2. Reported performance was not accurate. 67% of the actual reported indicators for the respective objectives were not accurate when compared to source information. This was due to a lack of standard operating procedures for recording of actual achievements. Performance objectives, indicators and targets were not appropriately approved by the relevant executive authority and supported by relevant supporting documentation. It was recommended: All targets should be approved and disclosed with actual achievements and supported by relevant supporting documentation.

3. Source information supporting actual performance not complete. 67% of the actual reported indicators for the respective objectives were not accurate when compared to source information. This was due to improper document management system with regard to actual performance achievements. Performance objectives, indicators and targets were not appropriately approved by the relevant executive authority and supported by relevant supporting documentation. It was recommended: All achievements should be supported by relevant supporting documentation.

4. 31% of planned targets were not achieved in the year under review. This was a result of the institution not considering relevant systems evidential requirements during the annual strategic planning process. Approved targets were not appropriate/achievable and there was insufficient monitoring of targets. It was recommended: Management should ensure that processes were in place to achieve to achieve all targets.
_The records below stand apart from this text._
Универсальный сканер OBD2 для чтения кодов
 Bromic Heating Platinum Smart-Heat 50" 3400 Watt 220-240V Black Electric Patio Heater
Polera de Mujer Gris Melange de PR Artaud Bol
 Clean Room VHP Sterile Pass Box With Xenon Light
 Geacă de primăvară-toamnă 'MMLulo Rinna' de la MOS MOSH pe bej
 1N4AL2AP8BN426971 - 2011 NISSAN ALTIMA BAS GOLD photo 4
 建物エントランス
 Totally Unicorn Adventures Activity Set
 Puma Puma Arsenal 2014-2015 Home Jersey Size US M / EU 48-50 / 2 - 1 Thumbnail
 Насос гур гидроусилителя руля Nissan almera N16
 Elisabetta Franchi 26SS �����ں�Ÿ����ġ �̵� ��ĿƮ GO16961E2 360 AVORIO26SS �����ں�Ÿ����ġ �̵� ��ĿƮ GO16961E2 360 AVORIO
5. Material adjustments to the annual performance report. 50% amendments were corrected by management, those that were not corrected were included in the conclusion paragraphs. Management did not exercise adequate ongoing monitoring and oversight. It was recommended: All information should be adequately reviewed and monitored to ensure no errors existed in the final information.

▪ Human Resources
Nothing specific was reported for the department or any of the entities.

▪ Information Technology Controls
A. DSD findings:
The department’s continuity plan was not yet finally approved. The IT governance framework was not yet approved, awaiting the Department of Public Service and Administration (DPSA) framework.
Information Management & System Technology (IMST) management had still not approved the IT governance and controls framework as the department was awaiting DPSA guidance. Recommendation: Management should address all relevant IT risks and controls within the department.

B. SASSA findings:
1. Security Management responsibilities of the information security officer were not adequately implemented. Management did not appoint staff to assist the IT security officer in supporting the head of institution by performing the required IT security responsibilities.

Recommendation: Information and communication technology (ICT) management should appoint staff in the information security unit to assist the IT security officer in the performance of his formally delegated responsibilities in respect of IT security.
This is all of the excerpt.